By Brandon Specktor
Massive and meaty, the Taku glacier in Alaska’s Juneau Icefield was a poster child for the frozen places holding their own against climate change. As the largest of 20 major glaciers in the region and one of the single thickest glaciers in the world (it measures 4,860 feet, or 1,480 meters, from surface to floor), Taku had been demonstrably gaining mass and spreading farther into the nearby Taku river for nearly half a century, while all of its neighboring glaciers shrank. Now, it appears those glory days are over.
In a new pair of satellite photos shared by NASA’s Earth Observatory, the slow decline of Taku glacier has finally become apparent. Taken in August 2014 and August 2018, the photos show the icy platforms where the glacier meets the river, retreating for the first time since scientists began studying Taku in 1946.
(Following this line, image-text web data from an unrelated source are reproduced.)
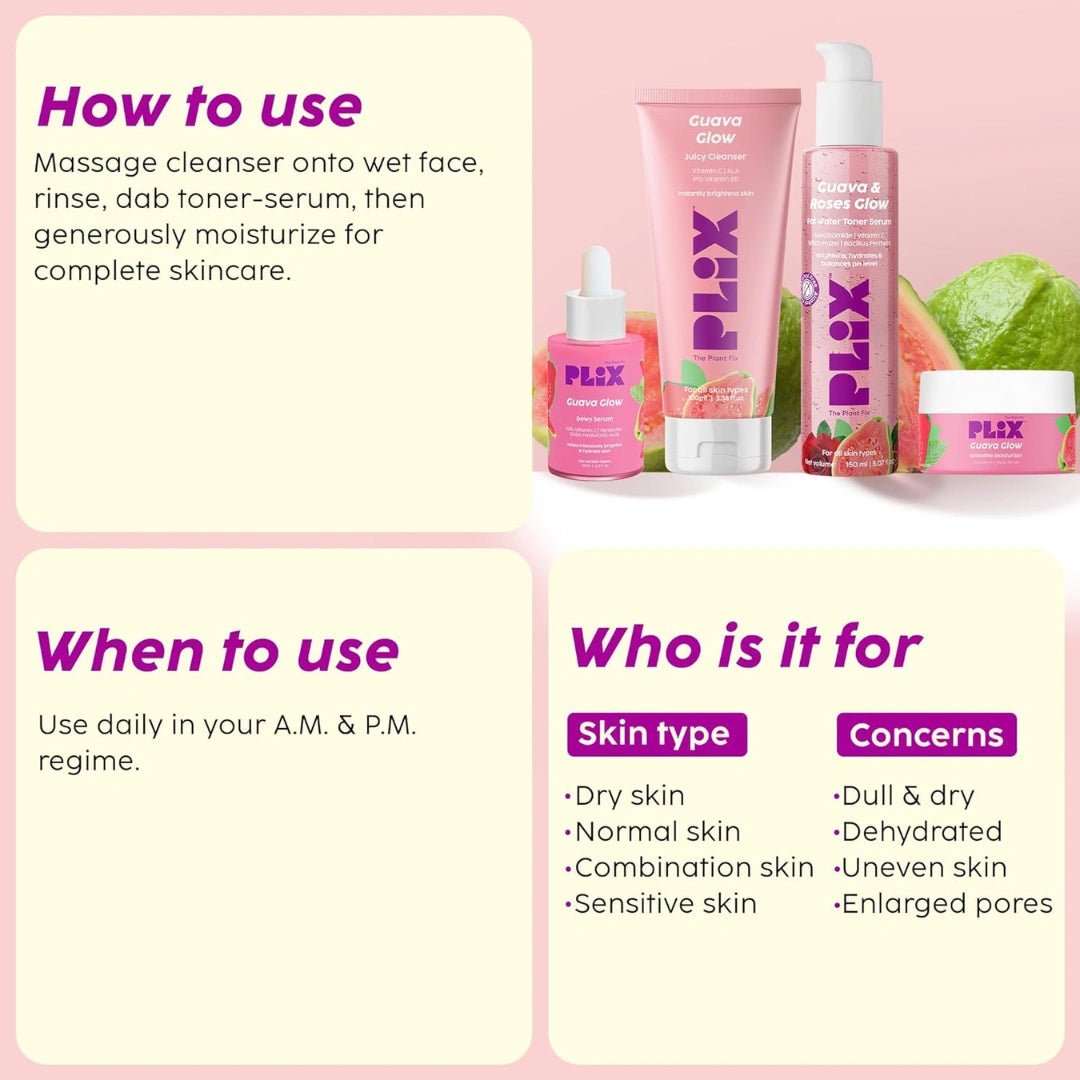 PLIX - THE PLANT FIX Guava & Roses Regime for Bright Skin & Balanced Skin pH| Hydrating Cleanser| 2 - in - 1 Toner Serum| Vitamin C Serum | Smoothie Moisturizer | For Men & Women (pack of 4 ) - Deals999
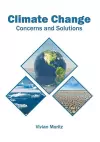 Climate Change: Concerns and Solutions cover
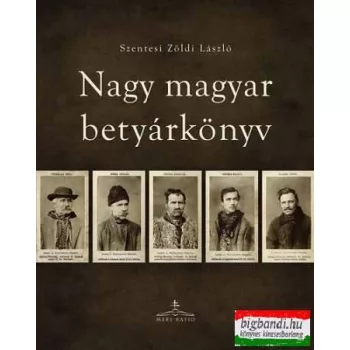 Nagy magyar betyárkönyv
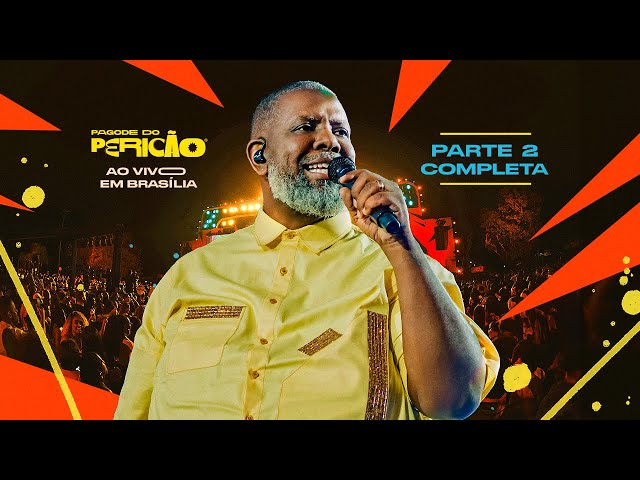 Péricles - Pagode do Pericão Ao Vivo em Brasília - PARTE 2 COMPLETA (Vídeo Oficial)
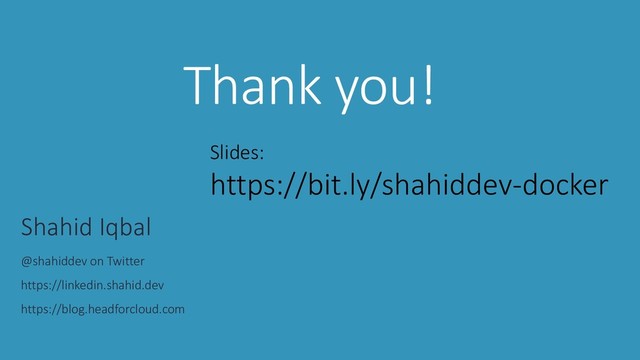 @shahiddev
Thank you!
Shahid Iqbal
@shahiddev on Twitter
https://linkedin.shahid.dev
https://blog.headforcloud.com
Slides:
https://bit.ly/shahiddev-docker
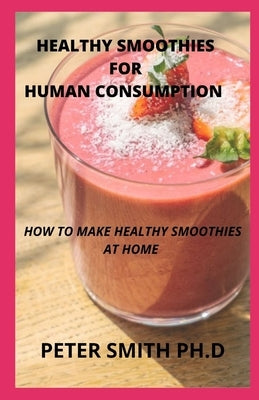 Healthy Smoothies For Human Consumption: Tips On How To Make Healthy Smoothies At Home by Smith Ph. D., Peter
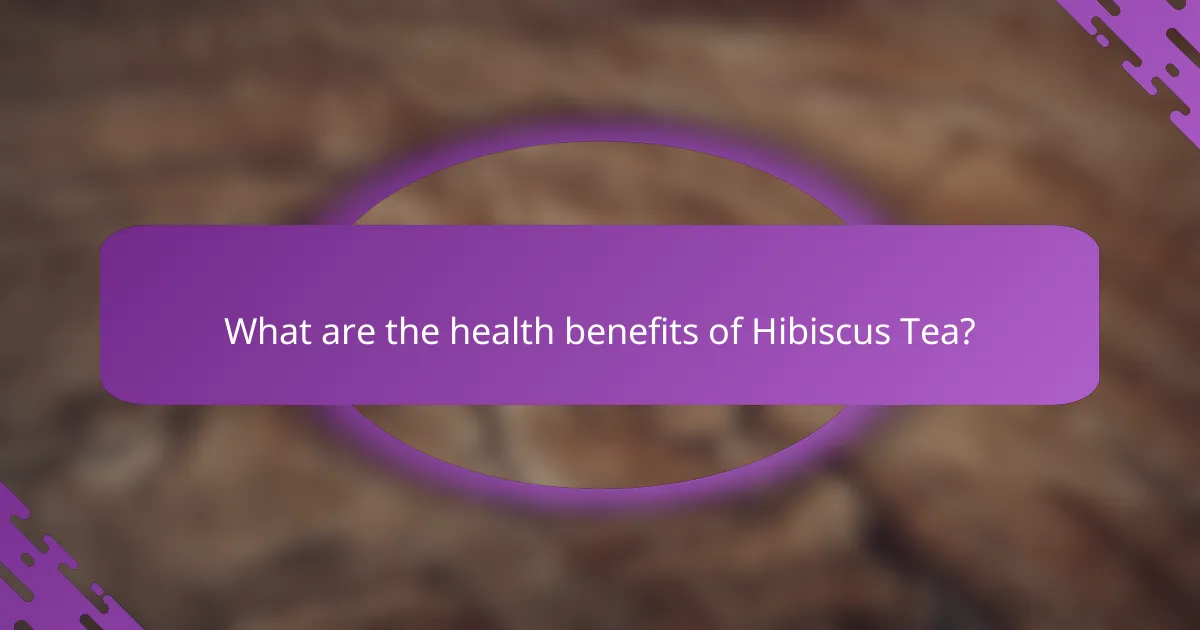 What are the health benefits of Hibiscus Tea?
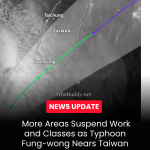 Typhoon Fung-wong Update: Storm Nears Taiwan, Multiple Counties Suspend Work and Classes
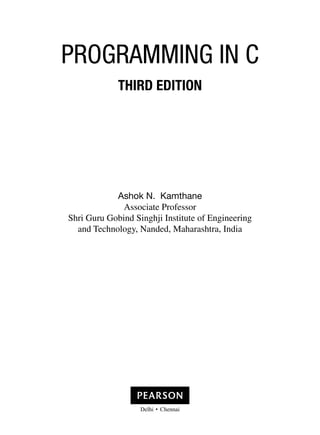 Programming In C Third Edition Kamthane Ashok N | PDF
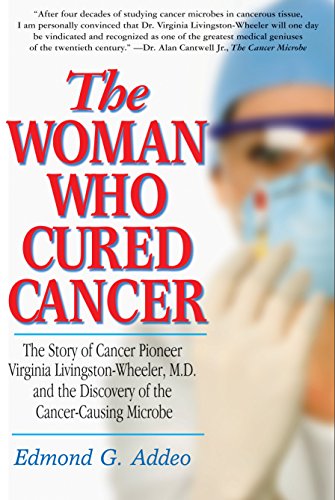 9781591203728: Woman Who Cured Cancer: The Story of Cancer Pioneer Virginia Livingston-Wheeler, M.D., and the Discovery of the Cancer-Causing Microbe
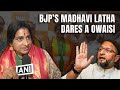 BJPs Madhavi Latha Attacks Asaduddin Owaisi: Done Nothing But Spread Hatred...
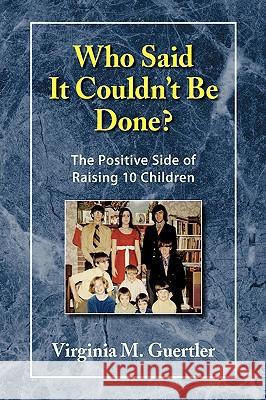Who Said It Couldn't Be Done? Virginia M. Guertler 9781436343640 Xlibris Corporation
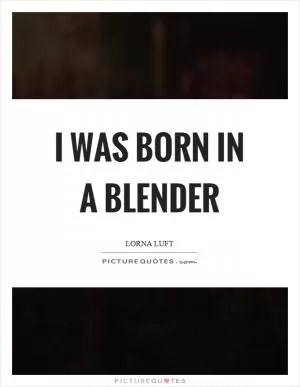 I was born in a blender Picture Quote #1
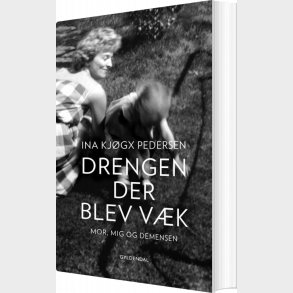 Drengen, Der Blev V�k - Ina Kj�gx Pedersen - Bog
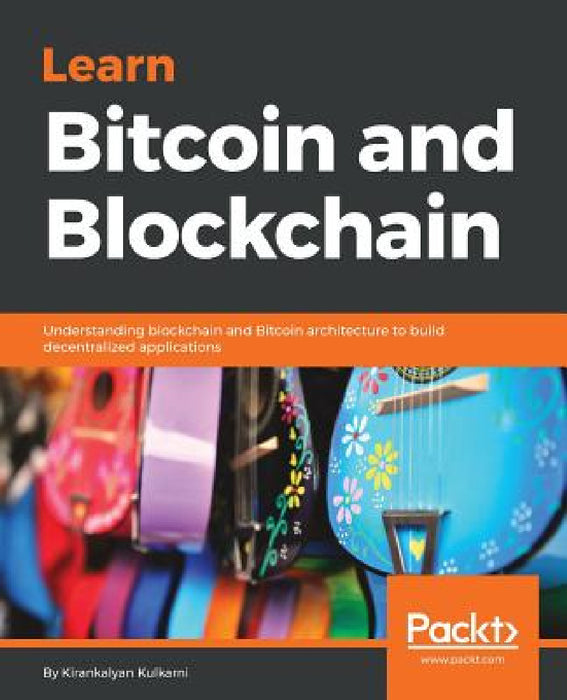 Learn Bitcoin and Blockchain: Understanding blockchain and Bitcoin architecture to build decentralized applications by Kirankalyan Kulkarni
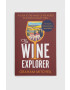 Legend Press Ltd Книга The Wine Explorer Graham Mitchell - Pepit.bg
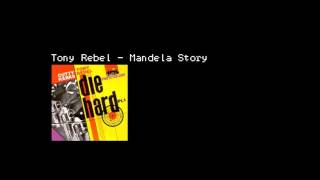 Tony Rebel - Mandela Story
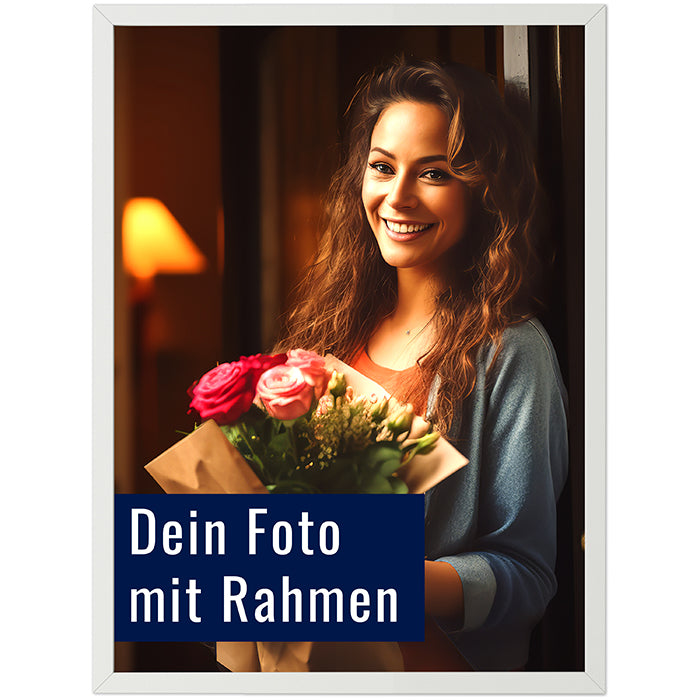 Dein Foto als Poster mit Rahmen Dein Foto als Poster mit Rahmen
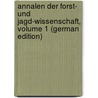 Annalen Der Forst- Und Jagd-Wissenschaft, Volume 1 (German Edition) door Wilhelm Jakob Gatterer Christoph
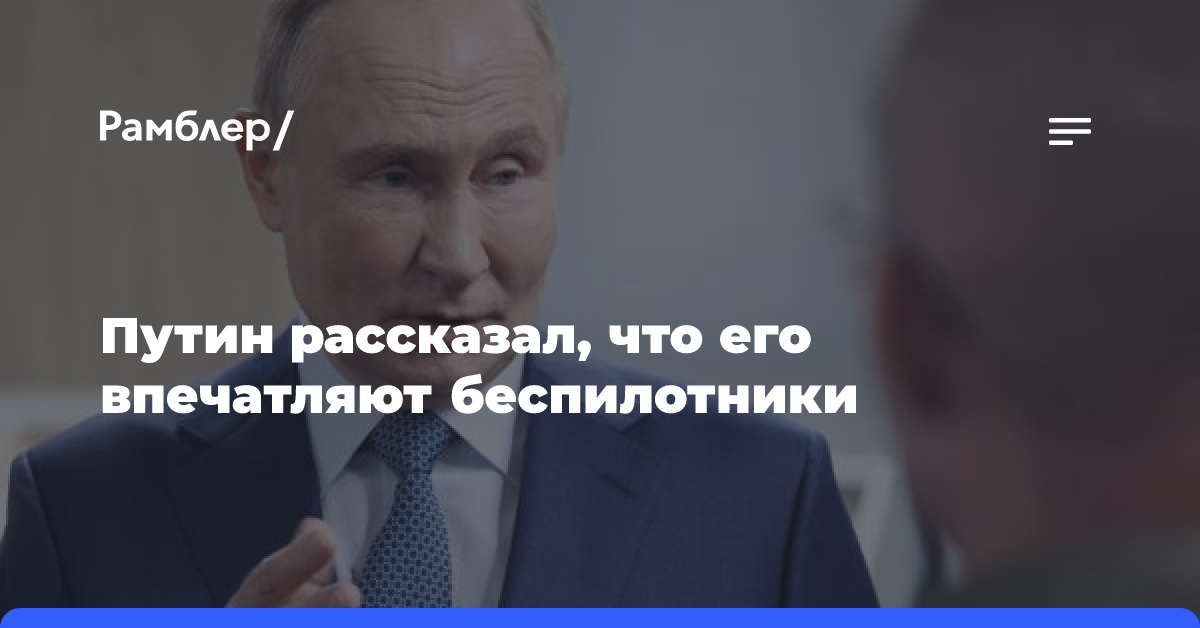 Путин рассказал, что его впечатляют беспилотники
While the shrinkage is subtle for now, the results are nonetheless shocking. According to glaciologist Mauri Pelto, who has studied the Juneau Icefield for three decades, Taku was predicted to continue advancing for the rest of the century. Not only have these signs of retreat arrived about 80 years ahead of schedule, Pelto said, but they also snuff a symbolic flicker of hope in the race to understand climate change. Of 250 mountain (or “alpine”) glaciers that Pelto has studied around the world, Taku was the only one that hadn’t clearly started to retreat.